FPIs pump ₹12,170 crore into Indian equities until June 21, reversing two-month selling trend
Reflecting optimism over the Modi 3.0 Government’s policy continuity, Foreign Portfolio Investors (FPIs) doubled down on their investments in Indian equities last week, becoming net buyers of ₹12,170 crore through June 21, official data showed.
These net inflows contrasted with net outflows of ₹14,794 crore in the first week of June. The FPI net outflows had narrowed to ₹3,064 crore by the end of the second week, after equity markets stabilised post the June 4 election verdict day crash and ensuing volatility.
With the Modi 3.0 government assuming office amid a strong economic growth outlook for India, FPIs have stopped their pre-election selling spree and are increasing their buying interest in equities despite high valuation concerns, say experts.
A reversal of trend can be gauged from the fact that FPIs were net sellers in April and May 2024, at ₹8,671 crore and ₹25,586 crore, respectively, and in January 2024, at ₹25,744 crore.
However, in February and March they were net buyers of domestic equities at ₹1,539 crore and ₹35,098 crore, respectively.
Depositories data showed that although FPIs have made net investments of ₹12,170 crore so far in June, they are still net sellers for the current calendar year to date at ₹11,194 crore, depositories.
V K Vijayakumar, Chief Investment Strategist, Geojit Financial Services said it is interesting to note that the net sell figure of ₹11,194 crore is composed of selling through the exchanges for ₹45,794 crore and buying through the ‘primary market and others’ for ₹34,600 crore.
He added that FPIs are selling where valuations are high and buying where valuations are reasonable.
Early trends in FPI activity in June indicate FPIs buying in financial services, telecom and realty and selling in FMCG, IT, metals and oil and gas, Vijayakumar added.
Sunil Damania, Chief Investment Officer, MojoPMS, said that FPIs have altered their position in the equity market following the election results, injecting ₹23,786 crore since June 10.
There are three primary reasons for this positive inflow.

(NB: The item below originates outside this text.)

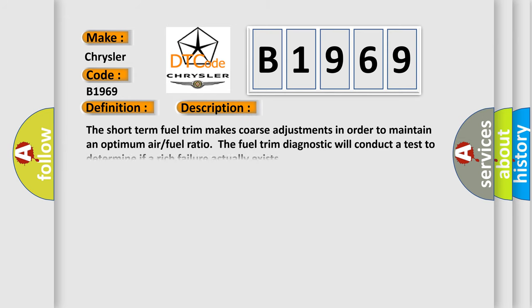And now this is a short description of this DTC code. The short term fuel trim makes course adjustments in order to maintain an optimum air fuel ratio. The fuel trim diagnostic will conduct a test to determine if a rich failure actually exists.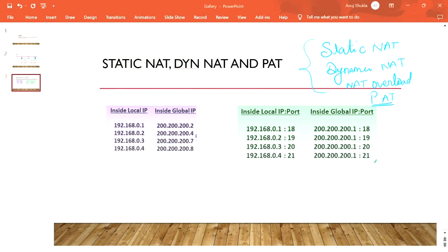Suppose we have four users who want to go to the internet. To do that, they need a public IP address. We've taken four public IP addresses here — 200.200.200.2, .247, and .8. If one user wants to go to the internet, he will use one of these IP addresses.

First, the continuity of the government assures ongoing reforms. Second, the Chinese economy is decelerating, as evidenced by a 12 per cent decline in copper prices over the past month. Third, certain block deals in the market have been eagerly taken up by FPIs, Damania said.
“We believe that FPI inflows will remain constrained due to the high valuations currently commanded by the Indian equity market. Additionally, FPIs are no longer the primary market influencers, as robust domestic inflows mitigate the impact of FPI outflows”, he added.
DEBT MARKETS
FPIs continued to pour money in Indian debt ahead of Indian government debt’s inclusion in the J.P.Morgan GBI-EM Global Series of indices from June 28.
So far in June, FPIs have pumped in as much as ₹10,575 crore in Indian government debt. The surprise election verdict of June 4 leading to the formation of a coalition government at the Centre has not in any manner dampened the enthusiasm of foreign investors in Indian government debt, said economy watchers.
Depositories data showed the net inflows in Indian debt from FPIs this calendar year stood at ₹64,245 crore. Only in April werel net outflows to the tune of ₹10,949 crore. All the remaining months have seen inflows, depositories data showed.
India is widely expected in the next 12-18 months to receive FPI investments of about $25-30 billion as a result of inclusion in JP Morgan’s biggest emerging market bond index and Bloomberg Emerging Market (EM) Local Currency Government Index.
Since JP Morgan’s announced its decision in September last year, foreign investment in Indian sovereign bonds has jumped by about $10 billion.